#### [Work item]
A full, exact copy of the listing is needed, with images omitted.

#### [Given data]
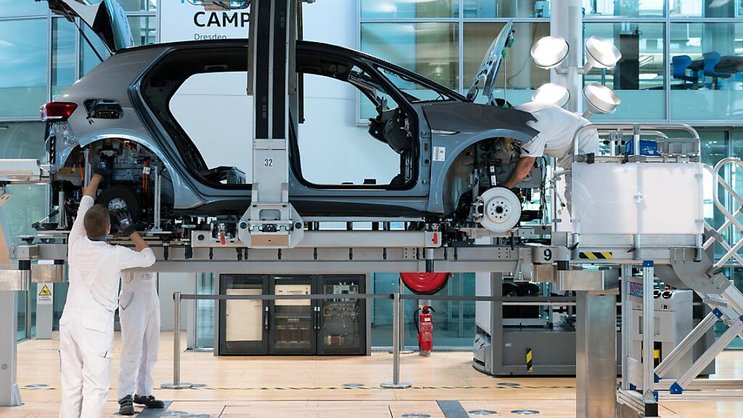 L'usine de Wolfsburg devrait produire ses premières voitures électriques de modèle ID.3 d'ici l'an prochain, et y être totalement consacrée "dès 2024" (archives).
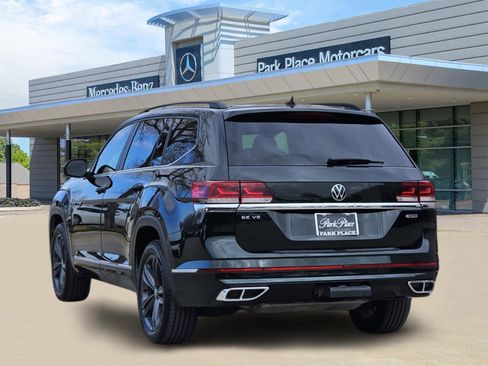 Used 2021 Volkswagen Atlas SE w/ Panoramic Sunroof Package image 4
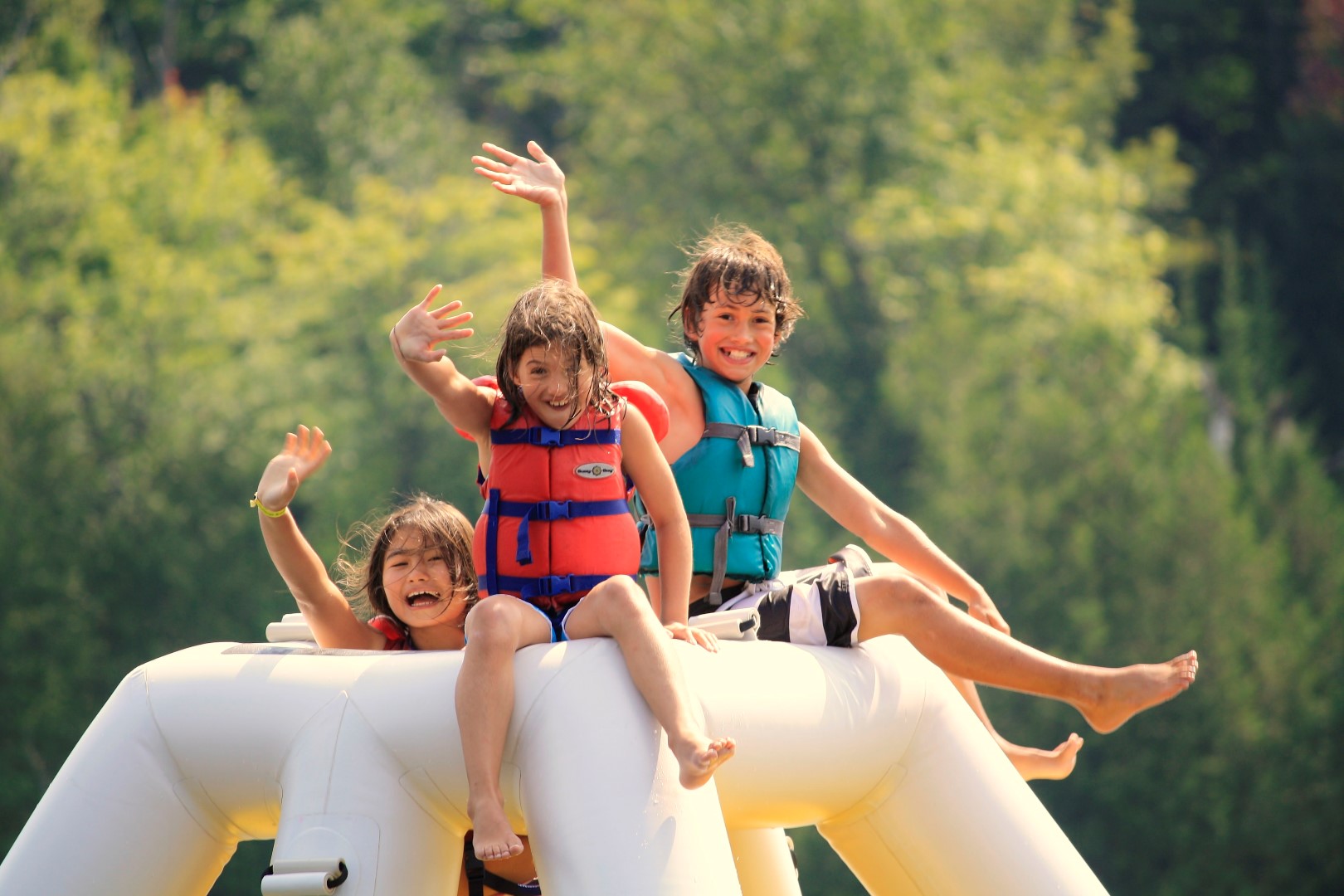 À compter de 150$, Carrefour Dignité propose aux familles johannaises un séjour tout inclus au Camp familial Saint-Urbain, en pleine nature, sur les rives d'un lac privé à Chertsey.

#### [Reply to the exercise]
 L'usine de Wolfsburg devrait produire ses premières voitures électriques de modèle ID.3 d'ici l'an prochain, et y être totalement consacrée "dès 2024" (archives).
 Used 2021 Volkswagen Atlas SE w/ Panoramic Sunroof Package image 4
 À compter de 150$, Carrefour Dignité propose aux familles johannaises un séjour tout inclus au Camp familial Saint-Urbain, en pleine nature, sur les rives d'un lac privé à Chertsey.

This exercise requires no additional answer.